(Short web captions)
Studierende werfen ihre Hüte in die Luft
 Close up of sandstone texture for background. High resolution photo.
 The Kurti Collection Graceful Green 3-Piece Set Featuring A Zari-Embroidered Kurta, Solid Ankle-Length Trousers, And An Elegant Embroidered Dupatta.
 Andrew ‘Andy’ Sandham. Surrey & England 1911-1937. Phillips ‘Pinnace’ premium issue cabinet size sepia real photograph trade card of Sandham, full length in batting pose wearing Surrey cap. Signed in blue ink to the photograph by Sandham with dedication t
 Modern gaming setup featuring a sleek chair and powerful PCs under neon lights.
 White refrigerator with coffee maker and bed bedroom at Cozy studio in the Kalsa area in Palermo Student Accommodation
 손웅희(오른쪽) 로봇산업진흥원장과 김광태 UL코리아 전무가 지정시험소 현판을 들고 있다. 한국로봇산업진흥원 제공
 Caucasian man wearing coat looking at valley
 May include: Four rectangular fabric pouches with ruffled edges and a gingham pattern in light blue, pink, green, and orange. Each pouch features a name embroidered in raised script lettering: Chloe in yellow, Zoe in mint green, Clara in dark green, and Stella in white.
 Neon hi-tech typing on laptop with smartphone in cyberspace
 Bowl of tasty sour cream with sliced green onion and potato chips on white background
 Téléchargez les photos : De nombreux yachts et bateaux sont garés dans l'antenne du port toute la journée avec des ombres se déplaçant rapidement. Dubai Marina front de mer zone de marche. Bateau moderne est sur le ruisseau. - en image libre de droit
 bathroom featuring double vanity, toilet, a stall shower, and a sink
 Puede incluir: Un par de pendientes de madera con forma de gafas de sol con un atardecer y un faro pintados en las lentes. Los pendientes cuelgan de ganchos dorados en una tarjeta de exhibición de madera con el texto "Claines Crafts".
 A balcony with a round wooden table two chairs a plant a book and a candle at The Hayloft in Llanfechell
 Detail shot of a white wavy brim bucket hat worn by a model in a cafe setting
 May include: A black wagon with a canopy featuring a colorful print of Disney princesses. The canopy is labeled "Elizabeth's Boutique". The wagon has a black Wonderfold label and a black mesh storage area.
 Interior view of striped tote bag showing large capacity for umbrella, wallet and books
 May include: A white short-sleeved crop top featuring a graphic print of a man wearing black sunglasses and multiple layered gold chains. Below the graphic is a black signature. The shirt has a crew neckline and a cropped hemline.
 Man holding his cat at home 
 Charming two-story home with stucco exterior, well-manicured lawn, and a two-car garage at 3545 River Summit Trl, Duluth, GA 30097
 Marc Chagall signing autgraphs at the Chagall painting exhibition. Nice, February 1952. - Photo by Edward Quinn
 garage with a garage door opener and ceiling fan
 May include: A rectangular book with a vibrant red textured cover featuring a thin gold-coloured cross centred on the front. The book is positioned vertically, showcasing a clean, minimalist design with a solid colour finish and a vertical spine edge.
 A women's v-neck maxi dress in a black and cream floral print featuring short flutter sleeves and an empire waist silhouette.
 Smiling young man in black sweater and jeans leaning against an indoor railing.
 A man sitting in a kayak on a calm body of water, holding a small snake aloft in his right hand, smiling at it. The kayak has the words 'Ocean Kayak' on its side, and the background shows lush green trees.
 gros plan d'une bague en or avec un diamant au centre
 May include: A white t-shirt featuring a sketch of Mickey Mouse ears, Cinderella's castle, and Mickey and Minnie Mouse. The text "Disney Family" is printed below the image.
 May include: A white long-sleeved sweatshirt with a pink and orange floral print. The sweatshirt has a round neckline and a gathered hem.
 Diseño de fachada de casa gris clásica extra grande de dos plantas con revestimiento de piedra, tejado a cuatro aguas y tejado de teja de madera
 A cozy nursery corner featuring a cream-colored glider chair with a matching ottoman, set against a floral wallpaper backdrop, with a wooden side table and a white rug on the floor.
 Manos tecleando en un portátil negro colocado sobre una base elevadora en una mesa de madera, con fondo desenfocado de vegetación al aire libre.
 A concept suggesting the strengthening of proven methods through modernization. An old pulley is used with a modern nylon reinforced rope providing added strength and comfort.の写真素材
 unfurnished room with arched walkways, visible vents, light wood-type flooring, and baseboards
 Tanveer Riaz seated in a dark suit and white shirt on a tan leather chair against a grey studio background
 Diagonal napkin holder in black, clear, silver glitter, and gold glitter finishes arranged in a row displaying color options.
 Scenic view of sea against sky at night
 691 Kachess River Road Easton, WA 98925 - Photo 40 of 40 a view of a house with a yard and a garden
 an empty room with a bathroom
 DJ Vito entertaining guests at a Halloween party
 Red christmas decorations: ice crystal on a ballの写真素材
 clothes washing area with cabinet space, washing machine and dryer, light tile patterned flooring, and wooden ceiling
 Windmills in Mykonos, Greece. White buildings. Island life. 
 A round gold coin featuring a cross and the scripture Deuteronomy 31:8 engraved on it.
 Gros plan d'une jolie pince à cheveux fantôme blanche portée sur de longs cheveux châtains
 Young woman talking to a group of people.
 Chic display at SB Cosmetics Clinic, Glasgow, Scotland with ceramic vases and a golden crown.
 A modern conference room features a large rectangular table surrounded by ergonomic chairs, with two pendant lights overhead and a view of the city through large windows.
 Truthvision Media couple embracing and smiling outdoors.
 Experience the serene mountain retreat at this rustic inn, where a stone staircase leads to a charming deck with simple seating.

__WHAT THE TASK ASKS__. Exactly as written, copy the lines from the one containing "Young woman talking to a group of people." to the end of the entries, both ends included.

__OUTPUT__.
 Young woman talking to a group of people.
 Chic display at SB Cosmetics Clinic, Glasgow, Scotland with ceramic vases and a golden crown.
 A modern conference room features a large rectangular table surrounded by ergonomic chairs, with two pendant lights overhead and a view of the city through large windows.
 Truthvision Media couple embracing and smiling outdoors.
 Experience the serene mountain retreat at this rustic inn, where a stone staircase leads to a charming deck with simple seating.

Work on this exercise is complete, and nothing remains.